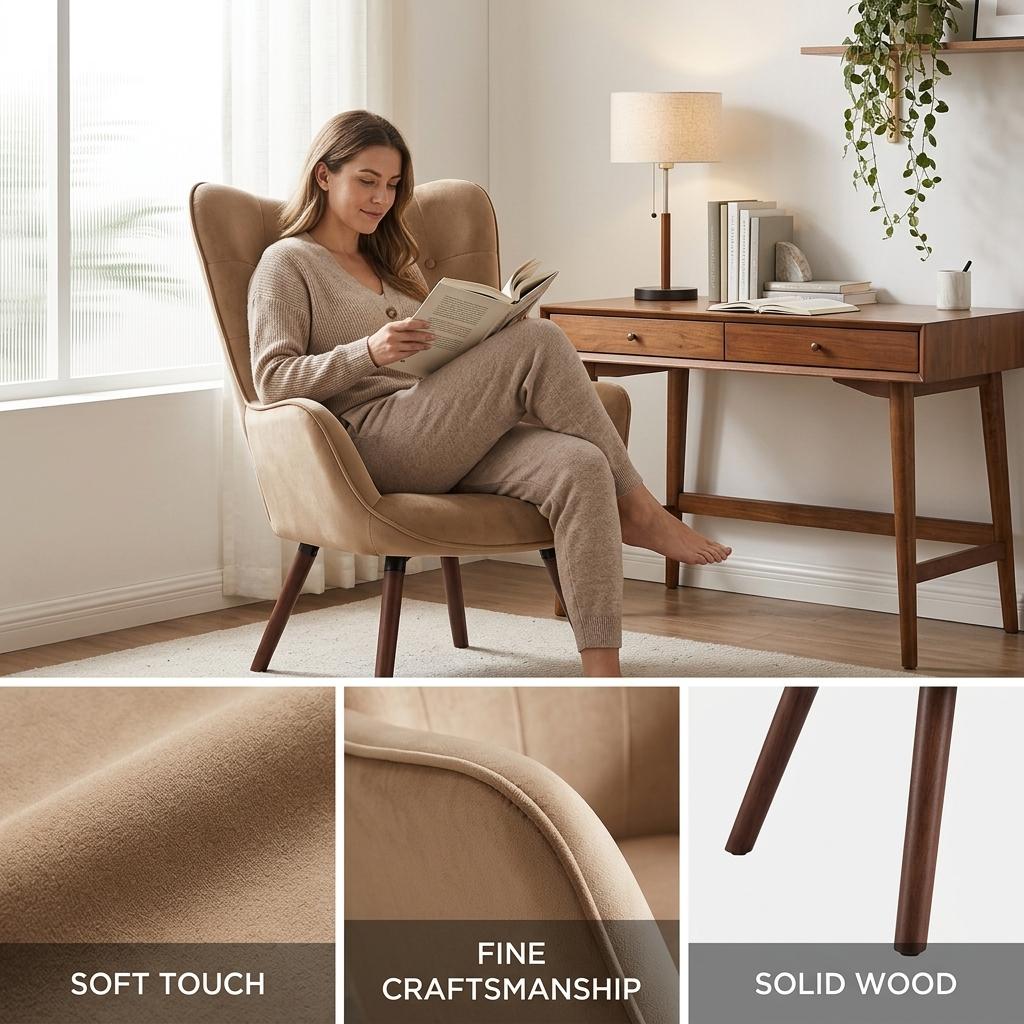 Modern Velvet Leisure Armchair – KAS KD VELVET TAUPE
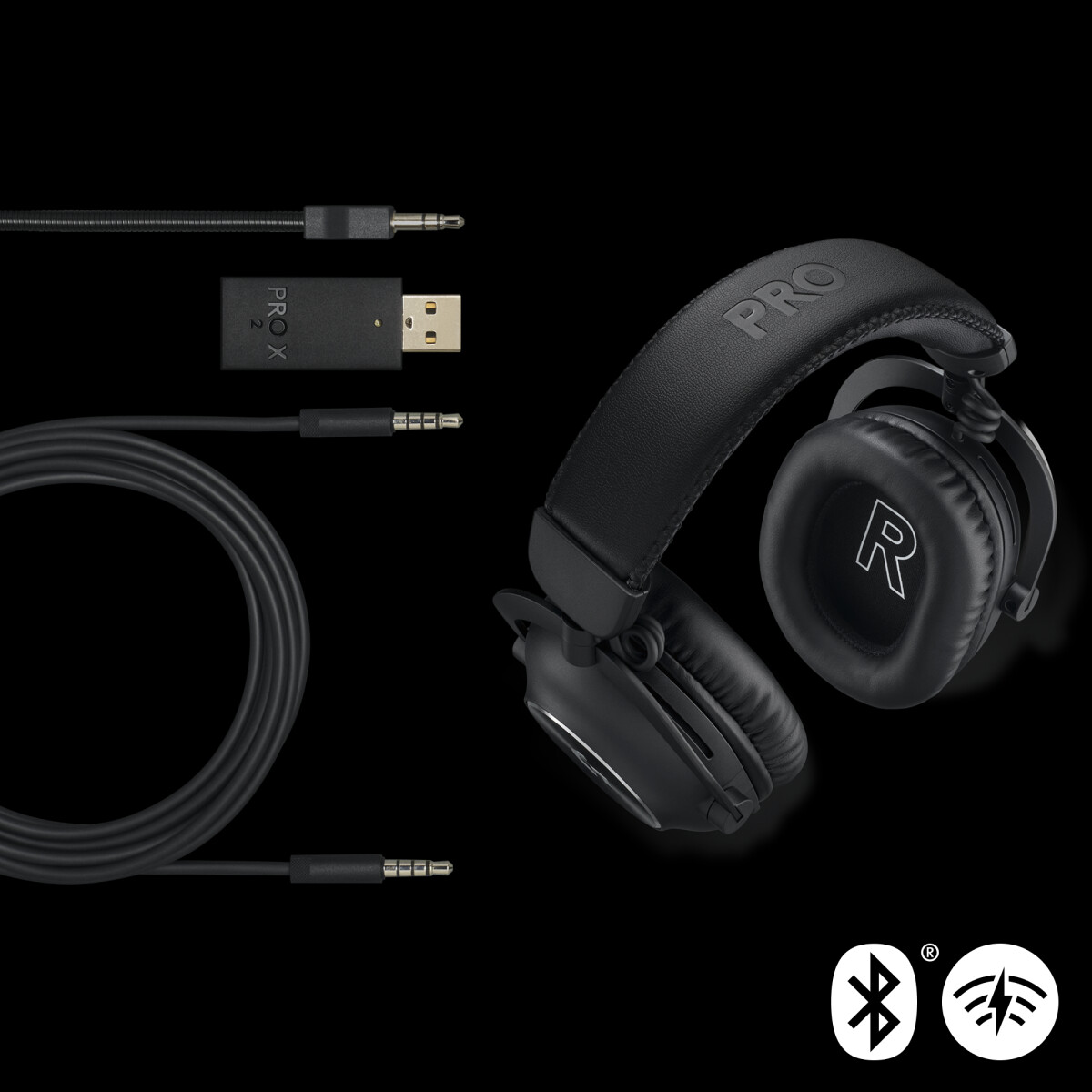 Logitech - Pro X 2 Lightspeed Wireless Gaming Headset - Sort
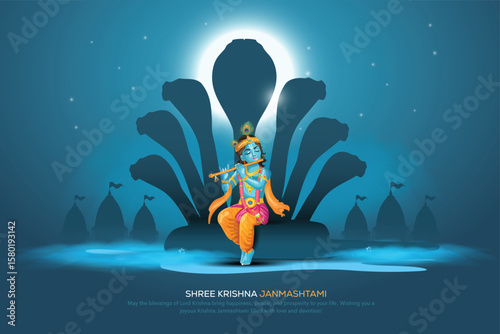 Dahi handi indian festival of lord shree krishna janmashtami. Creative vector illustration design.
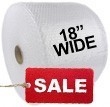 3/16" Bubble Rolls (18" WIDE) 300ft per roll (Small Bubbles)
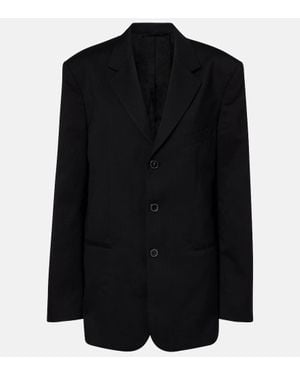 Calvin Klein Viola Oversized Pinstripe Blazer - Black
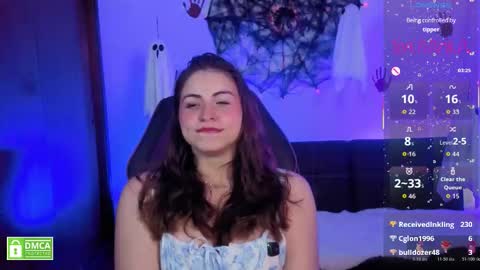 Snapshot of taiga_cute chatting on October 19, 8:30 am Camille Gonzalez online show from October 19, 8:30 am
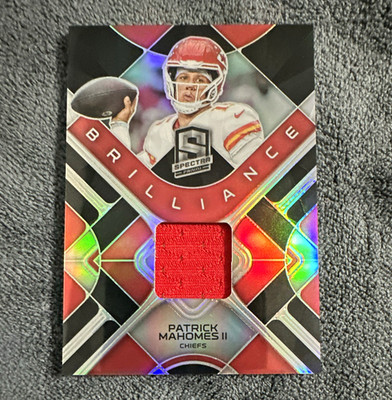 Panini 2023 Spectra Patrick Mahomes II Brilliance Prizm MEM #BRI-PMA /99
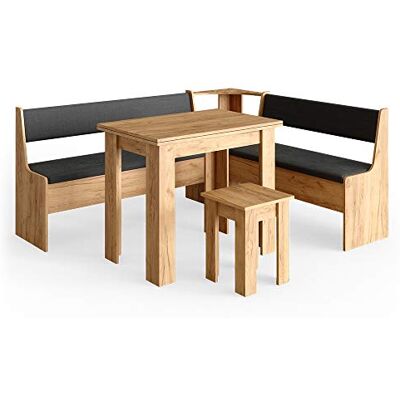 Vicco Groep hoekbanken "Roman", goudkleurig eiken, 180 x 150 cm Vicco Groep hoekbanken "Roman", goudkleurig eiken, 180 x 150 cm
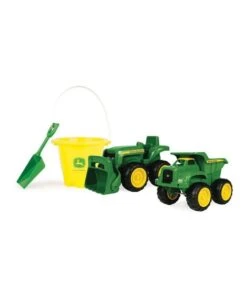 John Deere Dump Truck & Tractor w/ Bucket/Shovel Toy/Kids/Children/Play Game Fun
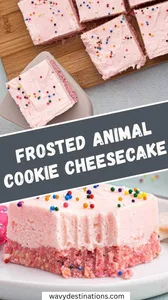 Frosted Animal Cookie Cheesecake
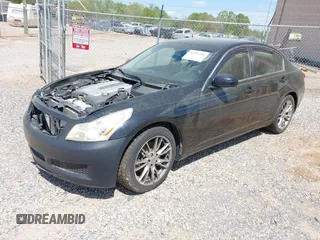 2007 Infiniti G35 Sport with VIN JNKBV61E77M715463, listed as a IAAI auction lot 41974186 with Not Provided miles. Bid and sale history available at carsss.com. Image 2.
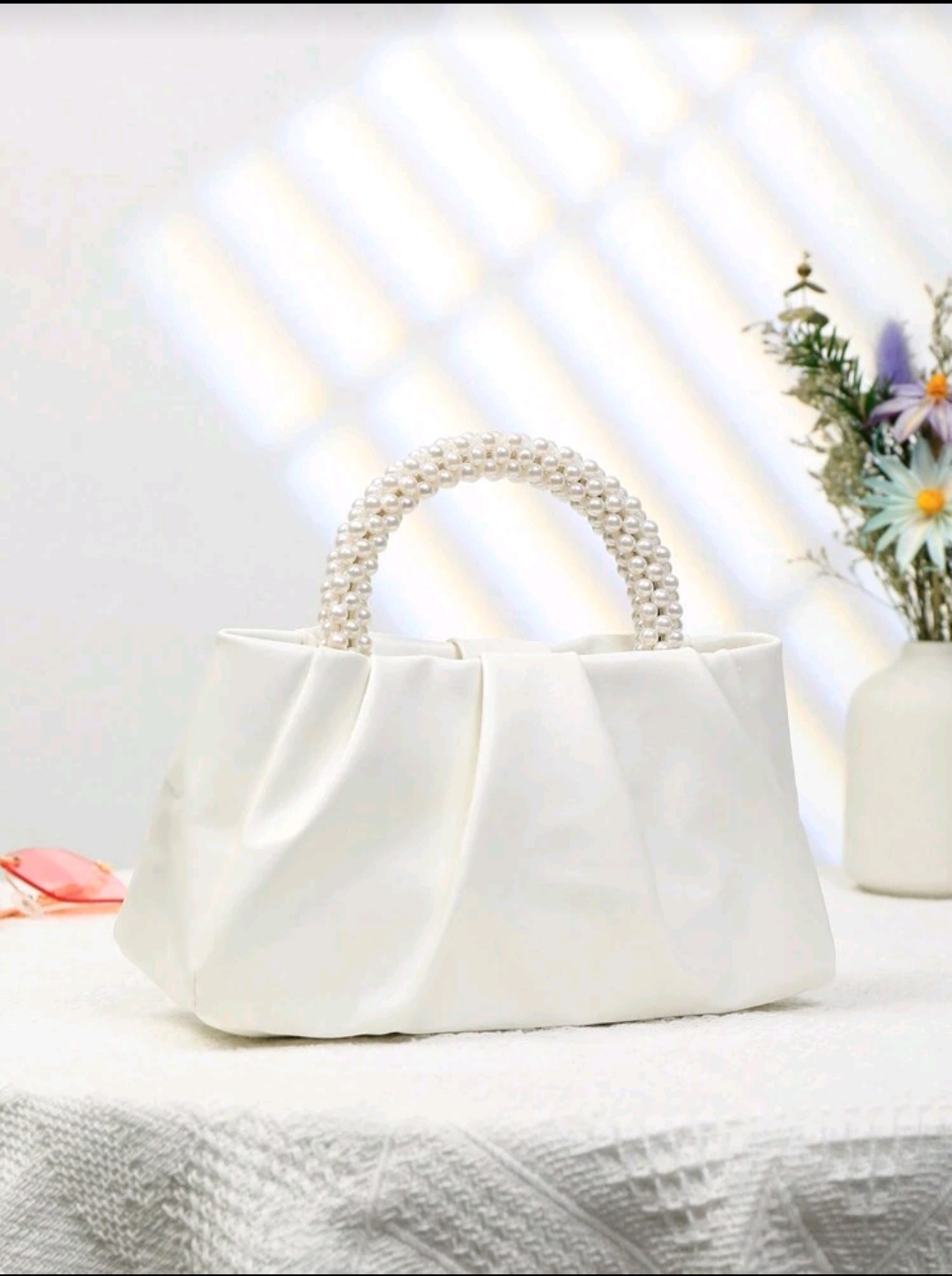 حقيبة يد جديدة موضة الخرز الميني بمقبض علوي - الصورة 3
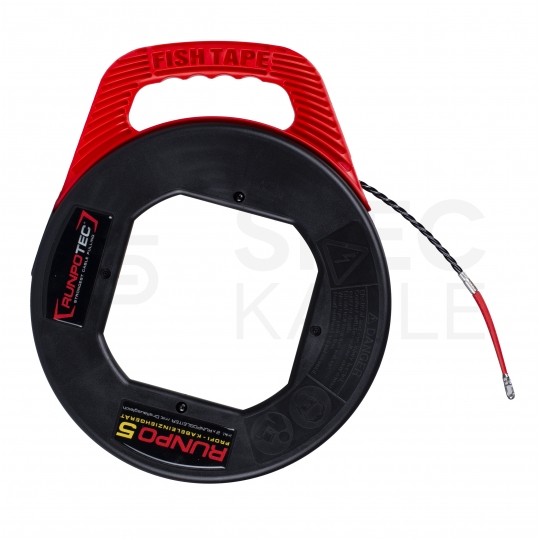 Zestaw narzędzi (Rozwijak bębnowy do kabli i przewodów XB 500 + Spirala do przeciągania kabli RUNPO 5 + Plecak wielofunkcyjny 18l) 11147 RUNPOTEC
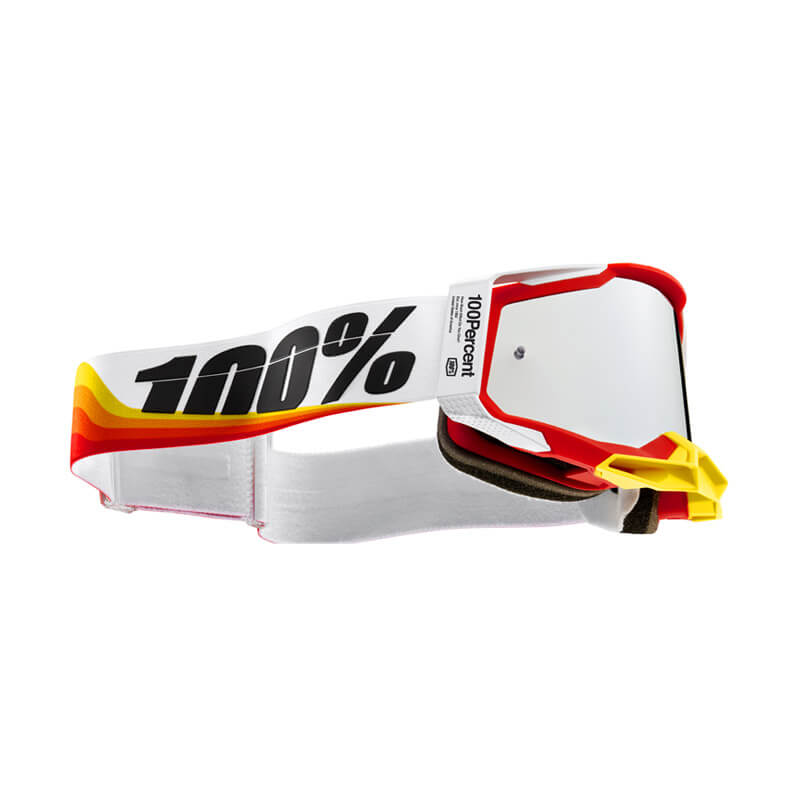masque cross 100 pour cent racecraft 2 arsham rouge miroir 2023 motocross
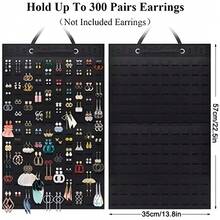 300-Pair Felt Earring Organizer - Fashionable Hanging Display, Suitable For Earrings, Pendants, And Brooches - Multicolor - View 6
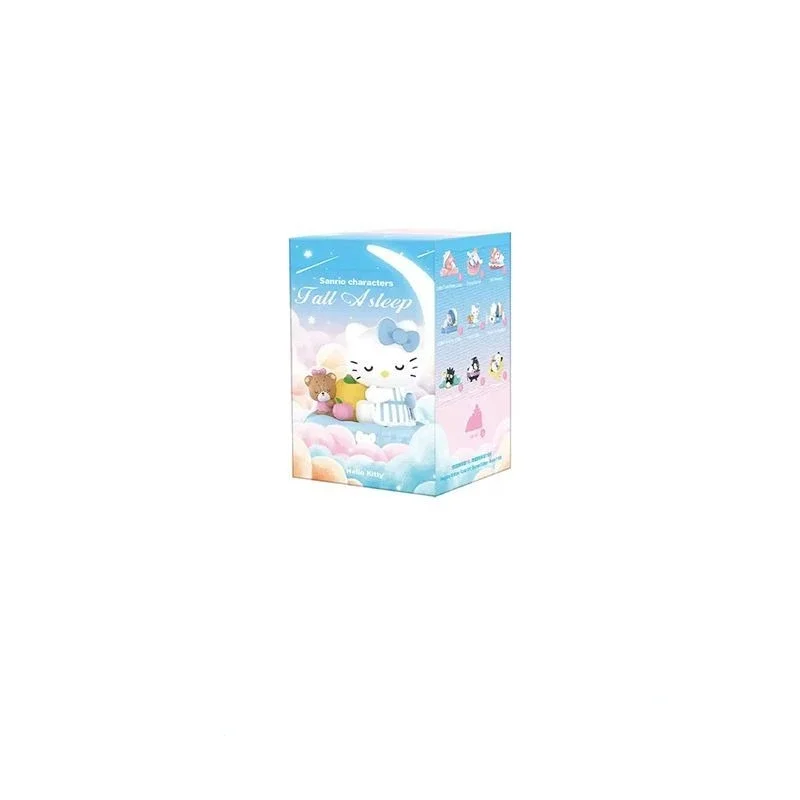 Cartoon My melody Sanrio Cute Cinnamoroll pompon Purin Children Blind Box Toy Creative Figure Ornament squisito regalo di natale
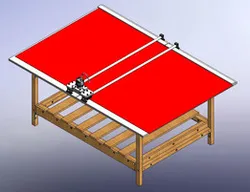 MESA CORTA CHAPAS PLÁSTICO / MDF - PLASTIC SHEET CUTTING TABLE PLYWOOD MDF HDF ETC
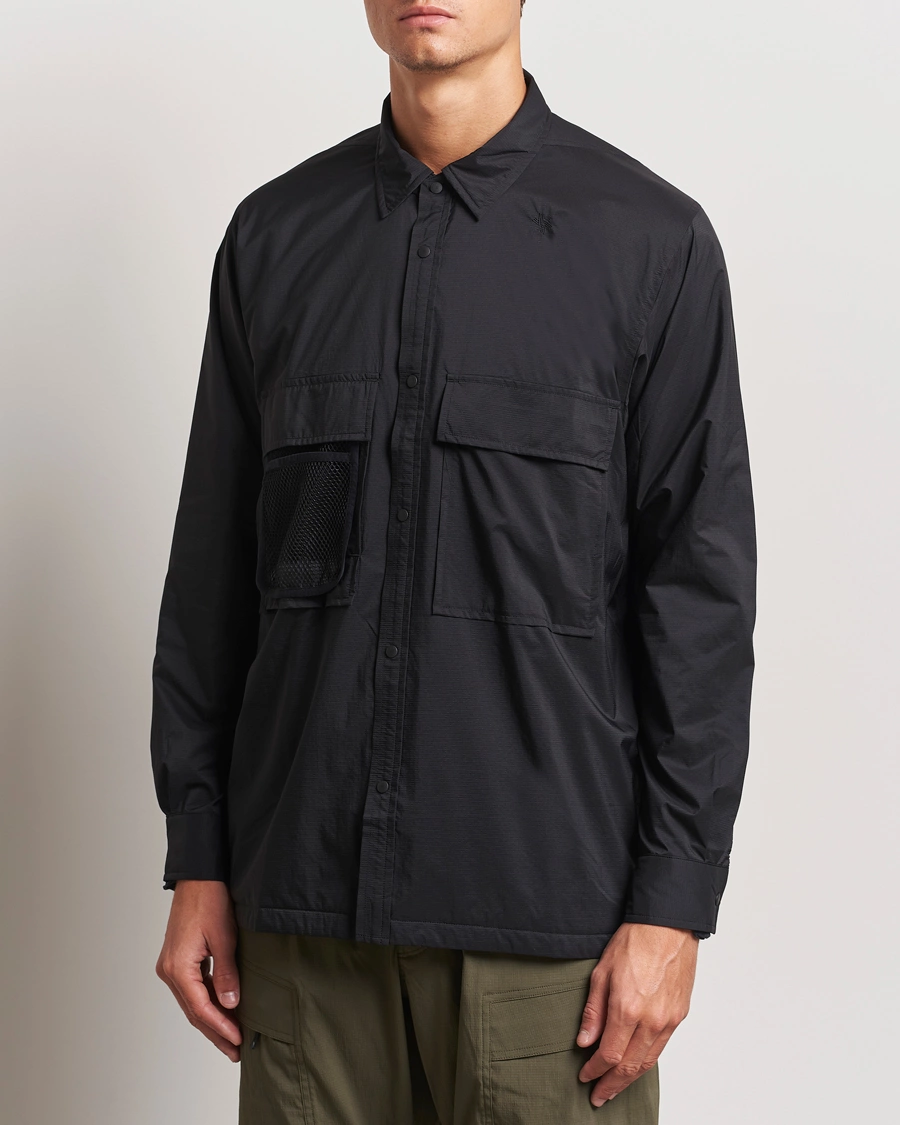 Herre | Shirt Jackets | Goldwin | Pertex Field Warm Shirt Black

> **Problem to work on**: Start at the line above containing "Snapshot of taiga_cute" and stop at the line containing "2007 Infiniti G35": print those lines and everything between them exactly, but not the pictures.

> **The completed task**:
 Snapshot of taiga_cute chatting on October 19, 8:30 am Camille Gonzalez online show from October 19, 8:30 am
 Panini 2023 Spectra Patrick Mahomes II Brilliance Prizm MEM #BRI-PMA /99
 Vicco Groep hoekbanken "Roman", goudkleurig eiken, 180 x 150 cm Vicco Groep hoekbanken "Roman", goudkleurig eiken, 180 x 150 cm
 John Deere Dump Truck & Tractor w/ Bucket/Shovel Toy/Kids/Children/Play Game Fun
 Frosted Animal Cookie Cheesecake
 2007 Infiniti G35 Sport with VIN JNKBV61E77M715463, listed as a IAAI auction lot 41974186 with Not Provided miles. Bid and sale history available at carsss.com. Image 2.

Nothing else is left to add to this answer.